Dilansir dari suara.com, Arie Sujito, sosiolog UGM yang kini menjadi Wakil Rektor Bidang Kemahasiswaan, Pengabdian kepada Masyarakat dan Alumni ini, mengatakan klitih yang dimaksud adalah kegiatan di luar rumah yang dilakukan pada malam hari untuk menghilangkan rasa lelah.

Namun, istilah tersebut menggeser maknanya ke arah negatif. Saat ini, kata klitih digunakan untuk menggambarkan aksi kekerasan dan kriminalitas yang sering terjadi di jalanan sekitar Yogyakarta, dari malam hingga dini hari.

Banyak pihak memberikan usulan. Mulai dari menuntut aparat bertindak tegas dan terukur, sampai pada tindakan preventif, karena para pelaku masih di bawah umur. Serta berbagai penyaluran kegiatan positif hingga wadah yang dibikin Erix Sukamti, Jogja Gelut Day agar hasrat berkelahi anak muda terpenuhi.
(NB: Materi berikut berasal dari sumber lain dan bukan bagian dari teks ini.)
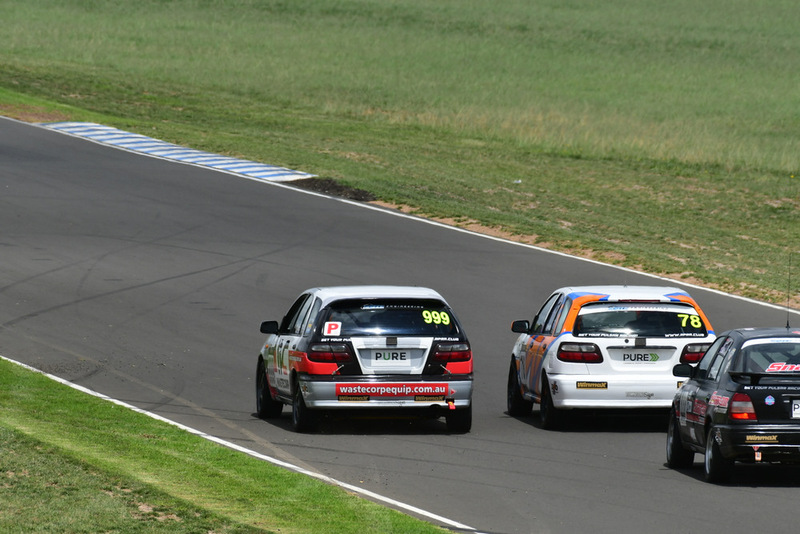Pulsar Feb 2026-519.jpg :: 999  Mark Cella (NSW)         Wastecorp Equipment / Emu Car  Nissan Pulsar N15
Kalau obrolan di warung kopi malah berbeda menanggapi anak muda klithih. Renggo Darsono, Juru Cerita Dongeng Kopi malah mengusulkan solusi mengembalikan peran warkop-warkop layaknya Penny University di masa lalu. Istilah penny university dikenal di Inggris untuk menyebut kedai kopi pada abad 17. Tempat sarana ajang berkumpulnya para intelektual untuk berdiskusi memecahkan berbagai macam persoalan yang ada.
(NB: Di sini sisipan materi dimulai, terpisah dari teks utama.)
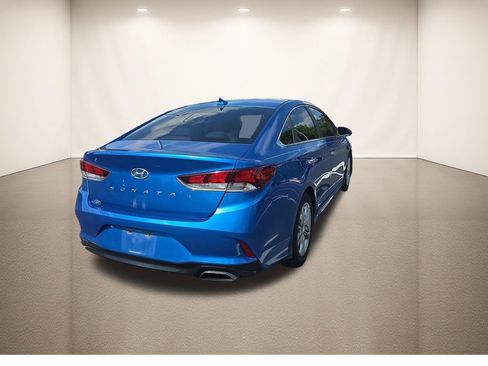 Used 2018 Hyundai Sonata SEL FWD image 5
“Kami percaya ada cara yang lebih baik agar pengetahuan dapat dibagikan dan didistribusikan. Orang-orang harus menjadi pusat dari proses pembelajaran, dan terlibat dengan orang lain adalah cara paling efektif bagi orang untuk memperluas pikiran dan keahlian mereka. Komunitas dan bisnis tumbuh lebih kuat ketika orang membangun hubungan melalui bimbingan dan pembelajaran bersama, dan itulah yang ingin dicapai oleh Penny University”

sumber: Penny University

“Jika kedai kopi dapat menjadi ruang tempat bertukar banyak hal, bermanfaat tidak hanya sebatas tempat menguras isi saku pelanggan, saya rasa anak-anak muda bisa dapat lingkungan yang lebih baik ketimbang aksi aksi jalanan yang meresahkan. Bentuk idealnya ya seperti Penny University. Tapi bisa diaplikasikan tidak harus sekaku itu. Saya rasa Jogja kan banyak kedai kopi, nah fungsi sosialnya bisa jalan tidak hanya sebatas transaksional saya pikir bisa bagian dari alternatif menciptakan ruang dengan lingkungan positif”

Imbuh Renggo sembari menyesap Kopi Hitam di tengah obrolan membahas klitih.

Kedai kopi terkenal sebagai area berkumpulnya anak muda. Tak menutup kemungkinan, dengan banyaknya kedai kopi yang ada, maka akan ada banyak ruang “penny university” dapat digunakan sebagaimana mestinya. Memanfaatkan fasilitas seperti perpustakaan mini, kelas belajar gratis dan masih banyak hal yang dapat ditawarkan. Tentunya semua itu adalah hal positif yang dapat dilakukan.

Hal ini juga sebagai upaya preventif yang dapat berkesinambungan secara terus menerus dalam upaya memberantas klitih. Tanpa ada peran serta masyarakat, orang tua, pemerintah, aparat dan elemen lainnya, mustahil klitih dapat diberantas.